Information given:
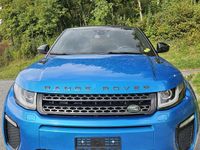 Gebraucht Land Rover Range Rover evoque SE Dynamic 180 PS (132 kW) 2018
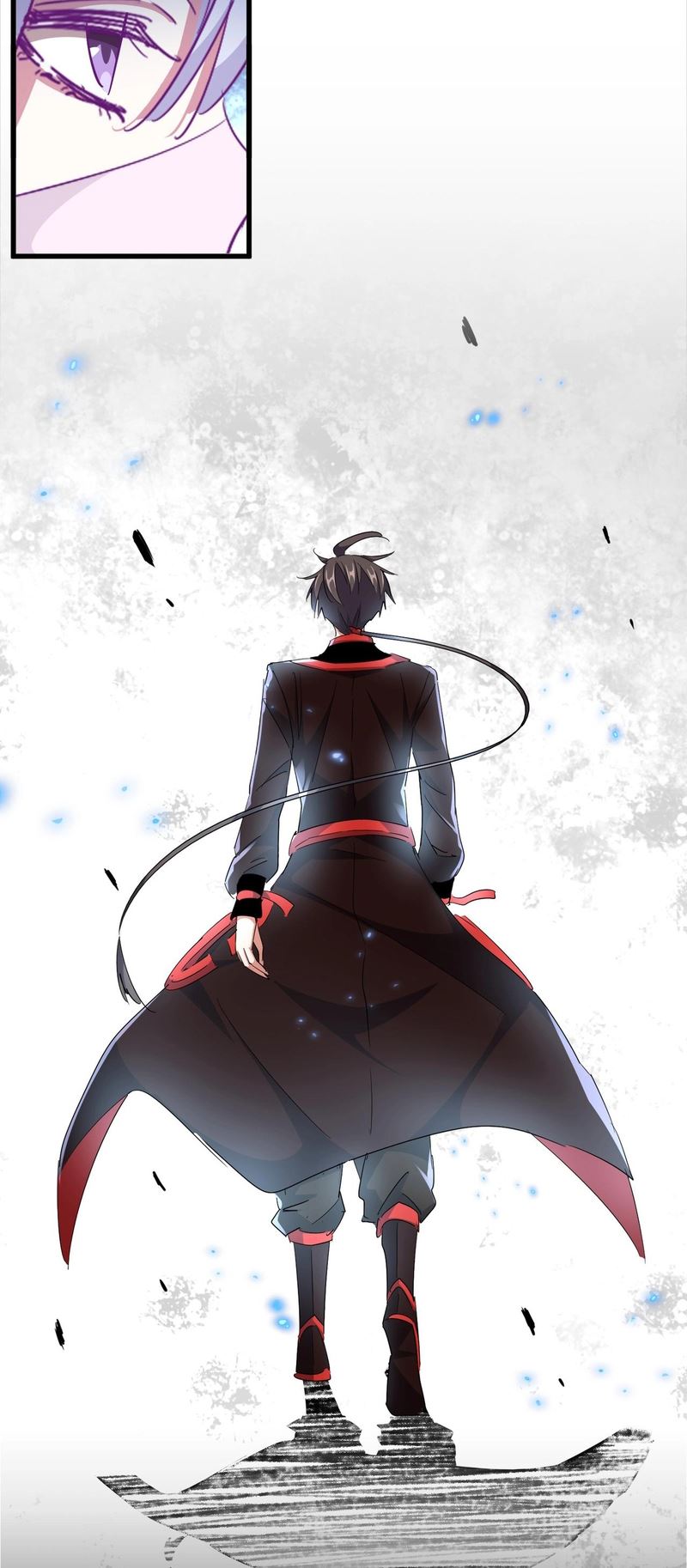 Magic Emperor Chapter 324 - halaman 40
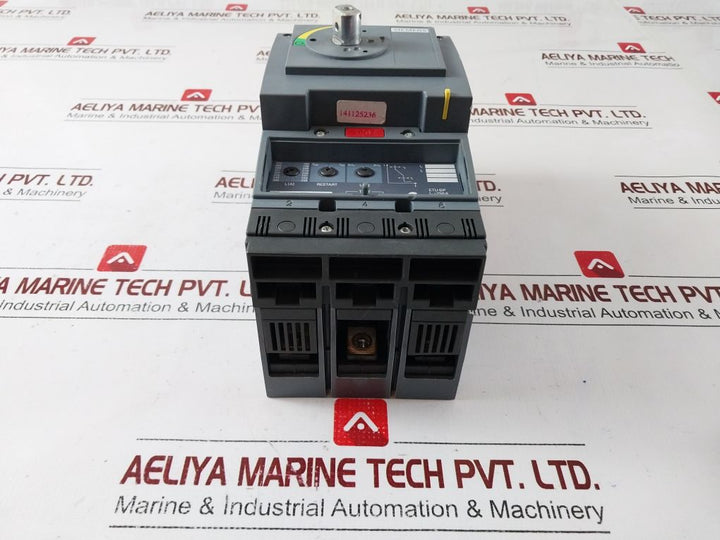 Siemens 3Vt2725-2Aa36-0Aa0 Circuit Breaker 3Vt2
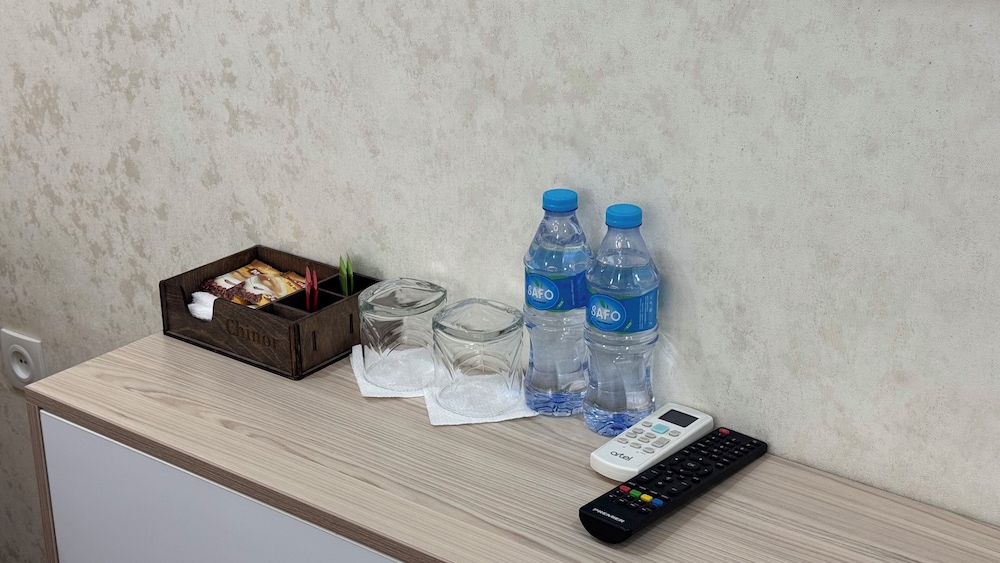 Standard Twin Room, City View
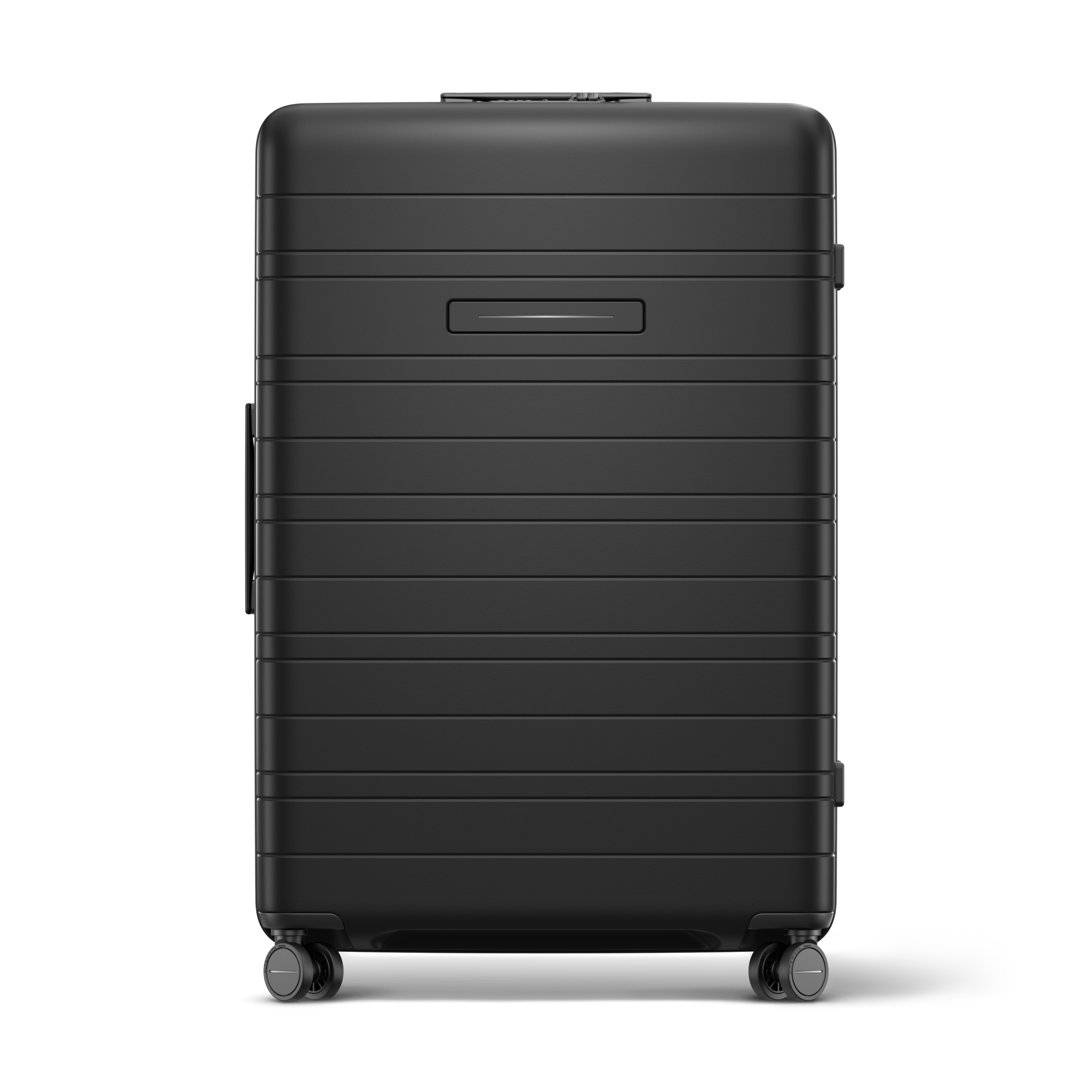 horizn-studios-h7-air-all-black-premium-hard-shell-check-in-trolley-77-cm-leicht image 1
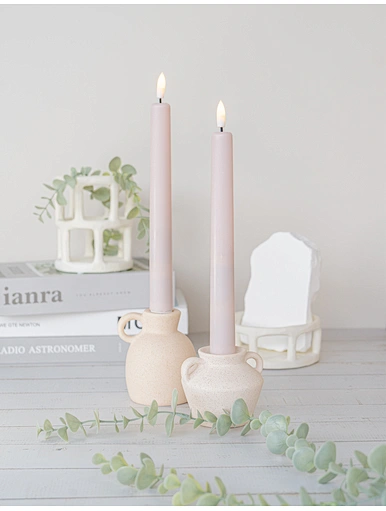 led flameless flickering candles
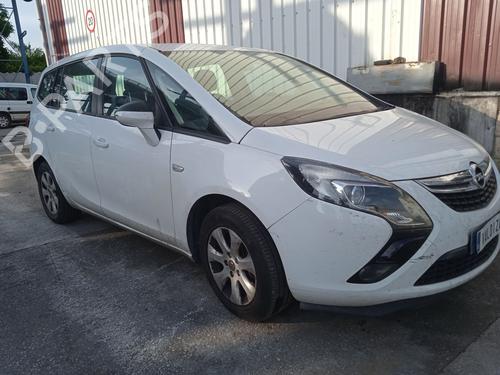 Front left window mechanism OPEL ZAFIRA TOURER C (P12) 2.0 CDTi (75) | BP26731481C22  - Image 6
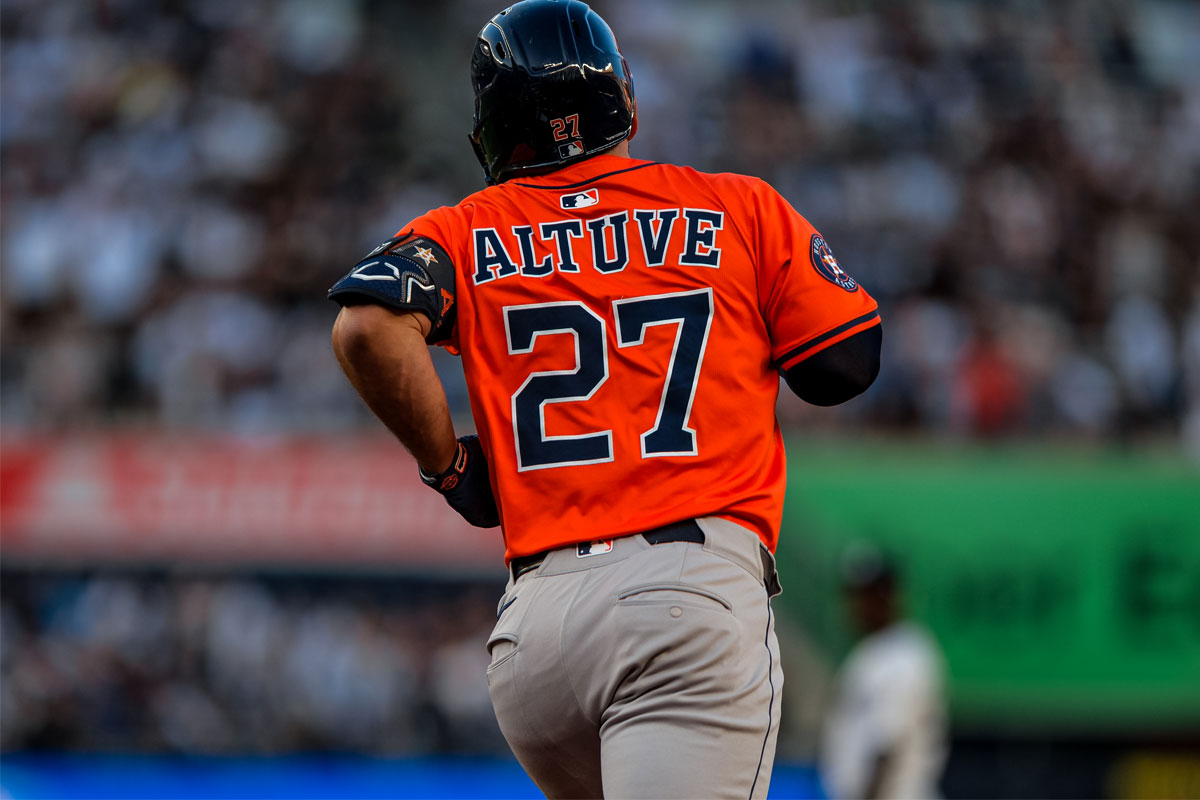 José Altuve sumó otro logro en su carrera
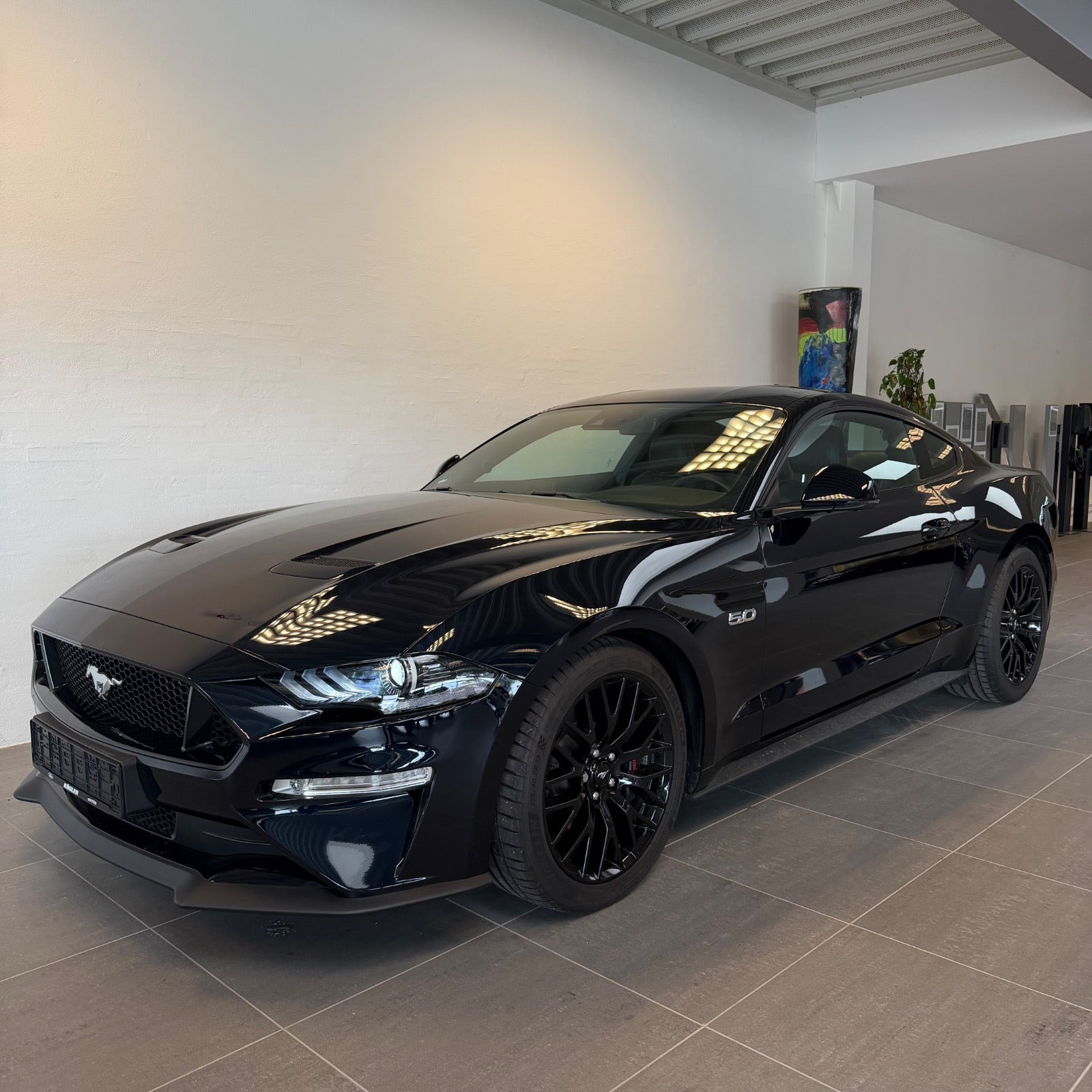 Ford Mustang 5,0 V8 GT Fastback aut.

What you have to do: Everything in the entries above except the pictures should be given again exactly.

Result:
 Gebraucht Land Rover Range Rover evoque SE Dynamic 180 PS (132 kW) 2018
 Magic Emperor Chapter 324 - halaman 40
 Siemens 3Vt2725-2Aa36-0Aa0 Circuit Breaker 3Vt2
 Standard Twin Room, City View
 horizn-studios-h7-air-all-black-premium-hard-shell-check-in-trolley-77-cm-leicht image 1
 led flameless flickering candles
 Front left window mechanism OPEL ZAFIRA TOURER C (P12) 2.0 CDTi (75) | BP26731481C22  - Image 6
 José Altuve sumó otro logro en su carrera
 Ford Mustang 5,0 V8 GT Fastback aut.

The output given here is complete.